**Work required:** A verbatim transcription of the listing below is required, without its pictures.

**Dataset extract:**
<<<<

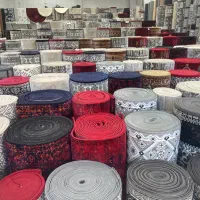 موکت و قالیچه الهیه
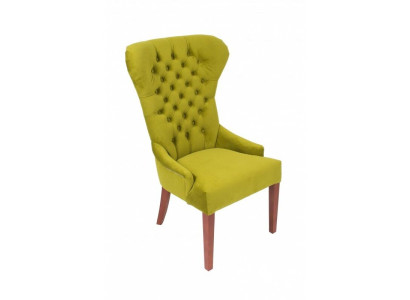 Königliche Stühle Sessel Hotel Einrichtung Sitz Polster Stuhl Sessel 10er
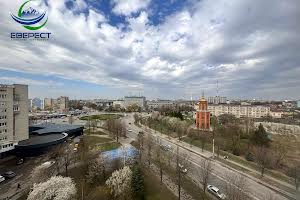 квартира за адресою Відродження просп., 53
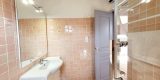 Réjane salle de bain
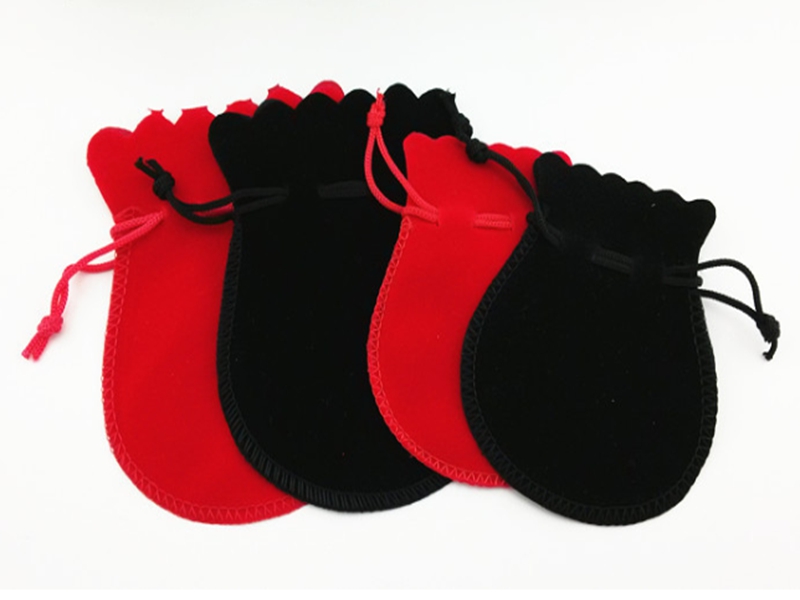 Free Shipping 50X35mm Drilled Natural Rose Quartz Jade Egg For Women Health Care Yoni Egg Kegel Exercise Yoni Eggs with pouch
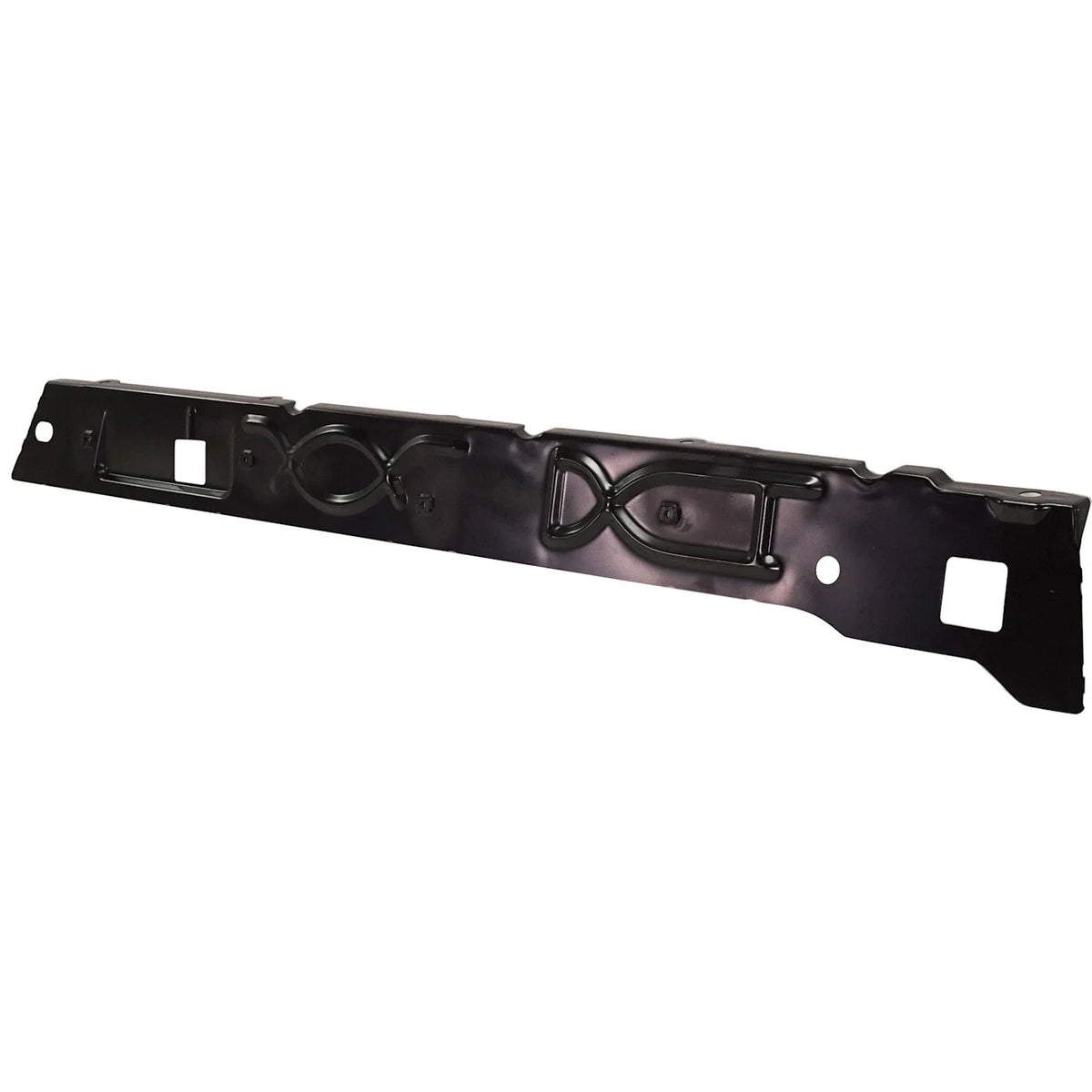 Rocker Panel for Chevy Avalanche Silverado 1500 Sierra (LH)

>>>>

**Task solution:**
 موکت و قالیچه الهیه
 Königliche Stühle Sessel Hotel Einrichtung Sitz Polster Stuhl Sessel 10er
 квартира за адресою Відродження просп., 53
 Réjane salle de bain
 Free Shipping 50X35mm Drilled Natural Rose Quartz Jade Egg For Women Health Care Yoni Egg Kegel Exercise Yoni Eggs with pouch
 Rocker Panel for Chevy Avalanche Silverado 1500 Sierra (LH)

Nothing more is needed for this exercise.